**WHAT YOU HAVE TO DO**
Any picture among the records should be left out, please; retype the rest exactly.

(Web page caption snippets)
········

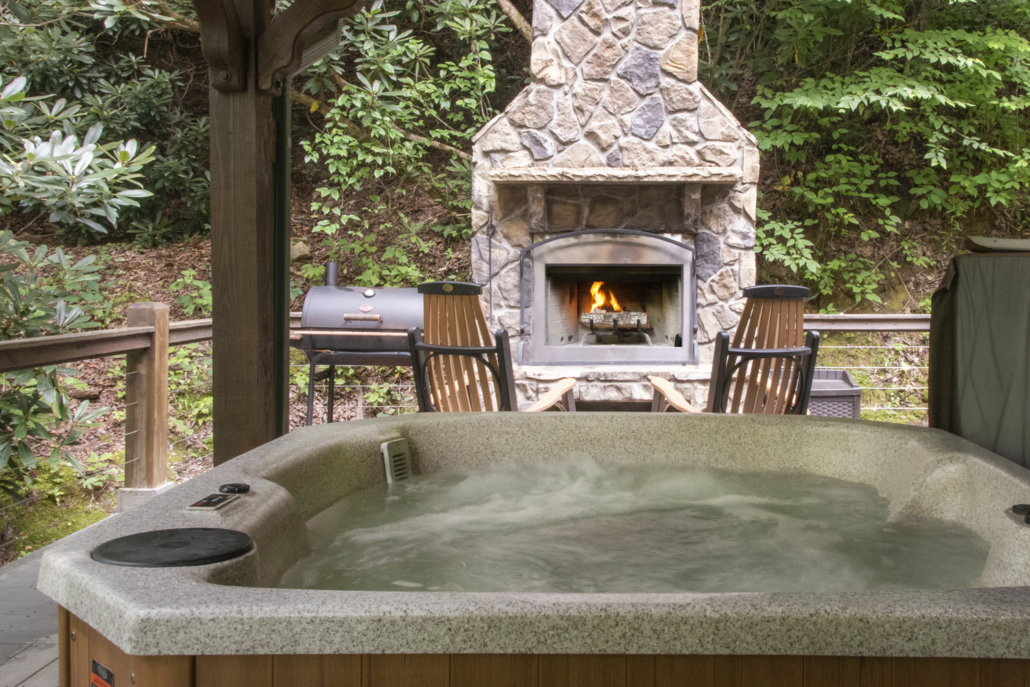 10 Luxury Cabins in North Carolina To Rent in 2023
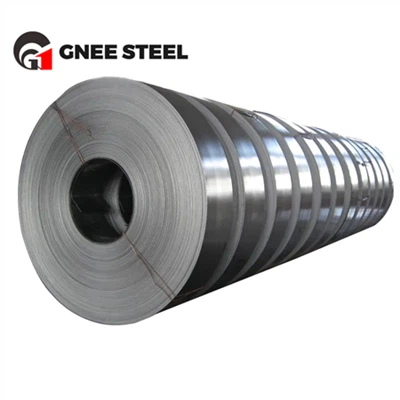 201 Stainless Steel Roll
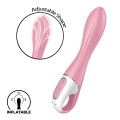 Air Pump Vibrator 2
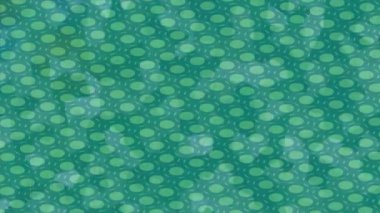 Profesyonel video projeleri sanat tarzı için organik hareketli arkaplan tasarımı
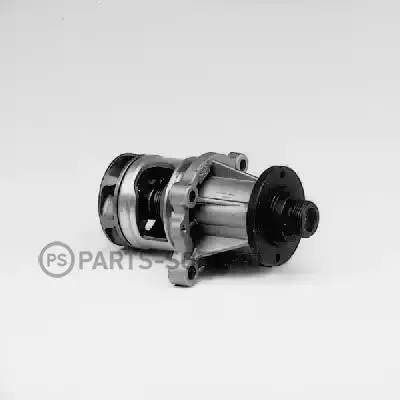 HEPU P470 _ pump \ W E30/E36/E34/E46 1.6i-1.9i 89 | Автомобили и мотоциклы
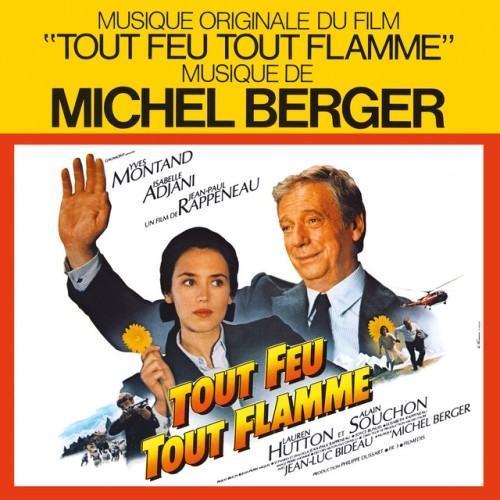 Tout feu tout flamme (Musique originale du film)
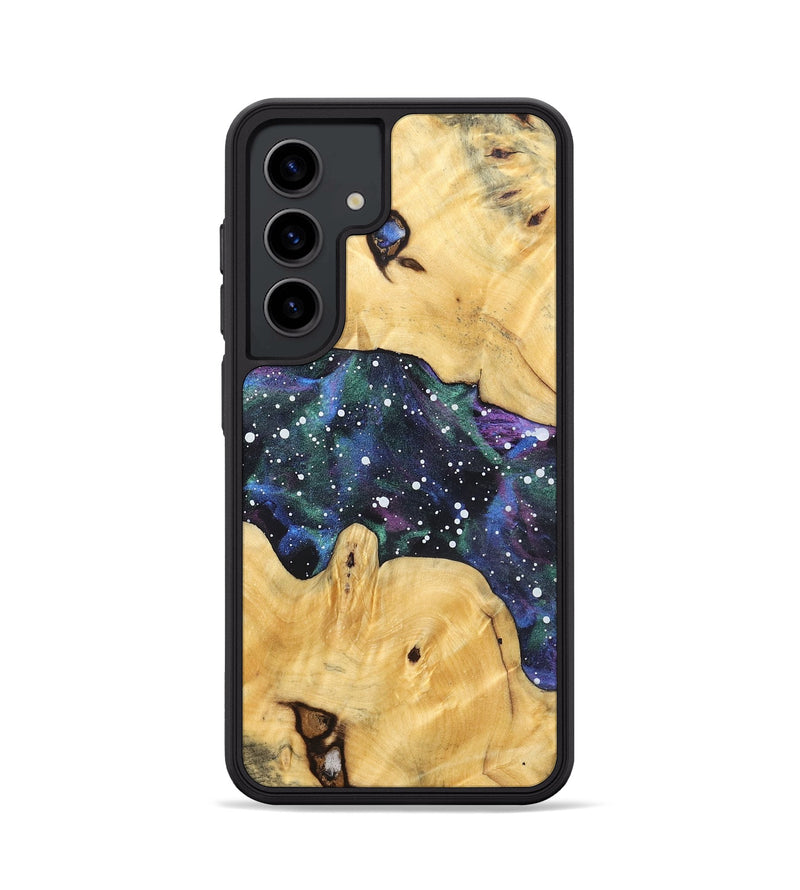 Galaxy S24 Wood Phone Case - Gianna (Cosmos, 830726)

········

**RESPONSE BELOW**
 10 Luxury Cabins in North Carolina To Rent in 2023
 201 Stainless Steel Roll
 Air Pump Vibrator 2
 Profesyonel video projeleri sanat tarzı için organik hareketli arkaplan tasarımı
 HEPU P470 _ pump \ W E30/E36/E34/E46 1.6i-1.9i 89 | Автомобили и мотоциклы
 Tout feu tout flamme (Musique originale du film)
 Galaxy S24 Wood Phone Case - Gianna (Cosmos, 830726)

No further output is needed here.